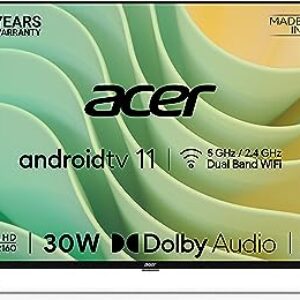 Acer 50" I Series 4K Ultra HD TV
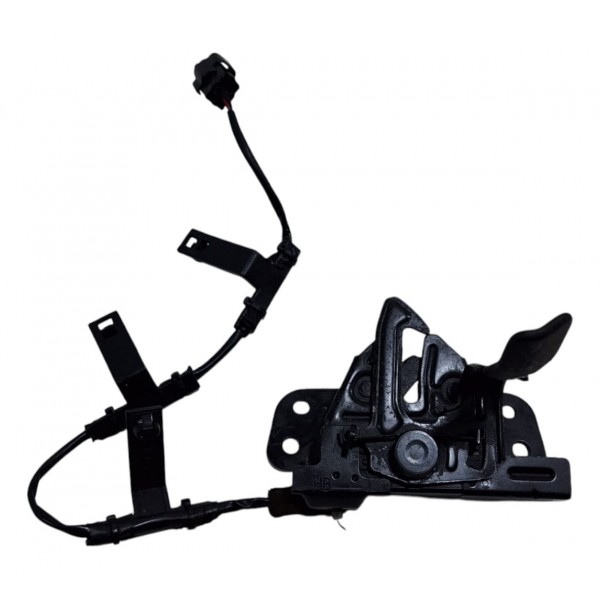 Trava Do Capô C/ Sensor Hyundai Hb20 2014-18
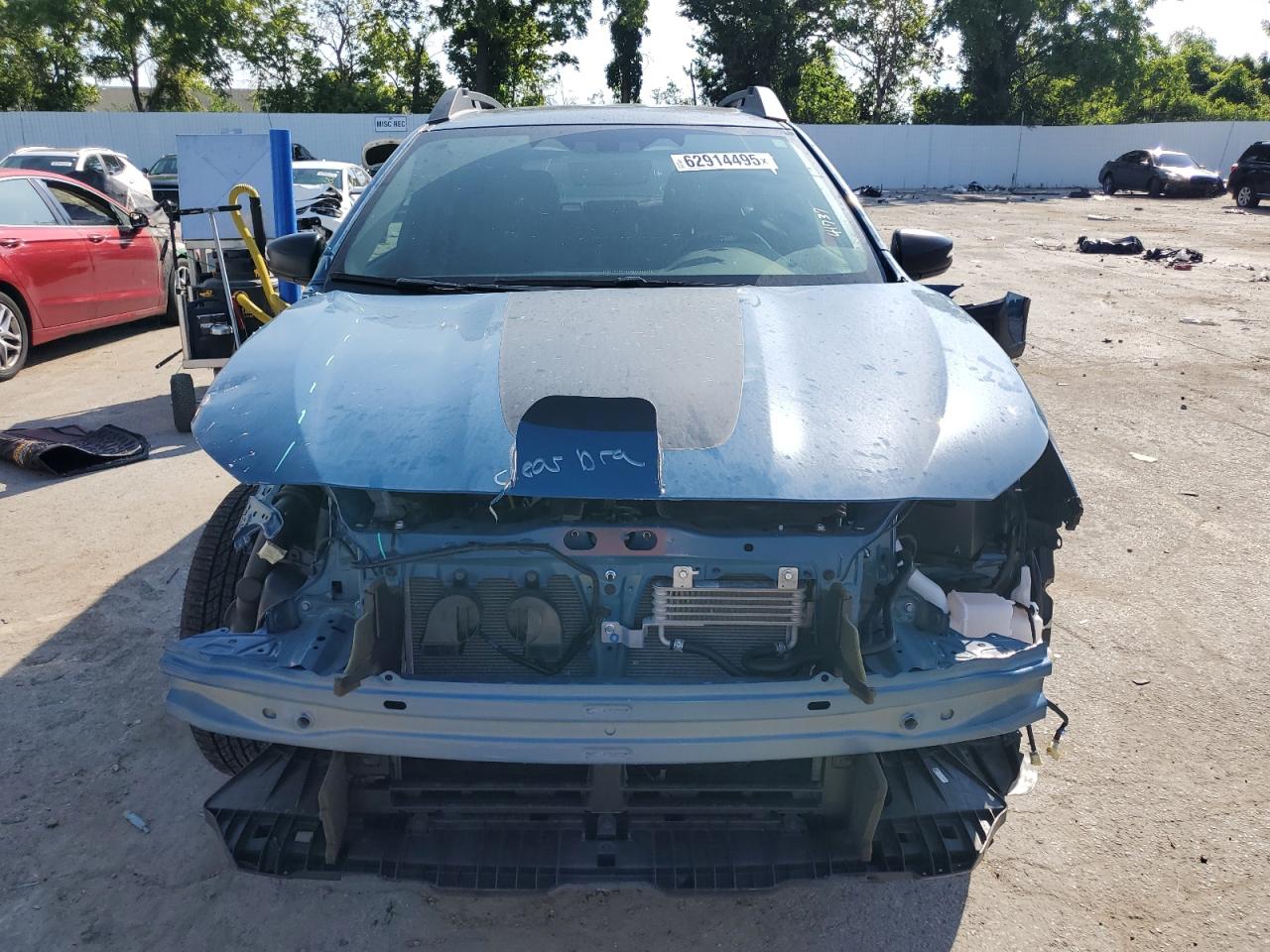 SUBARU OUTBACK WILDERNESS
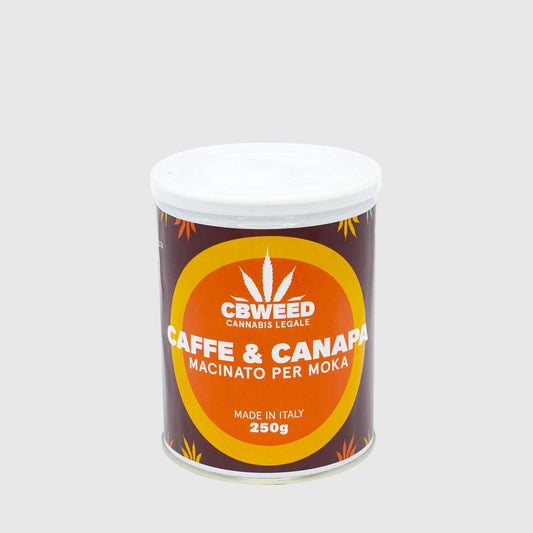 Café de cáñamo molido CBWEED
· · · ·
Every word of the material above should be copied exactly; no pictures.

[Written response]:
 Acer 50" I Series 4K Ultra HD TV
 Trava Do Capô C/ Sensor Hyundai Hb20 2014-18
 SUBARU OUTBACK WILDERNESS
 Café de cáñamo molido CBWEED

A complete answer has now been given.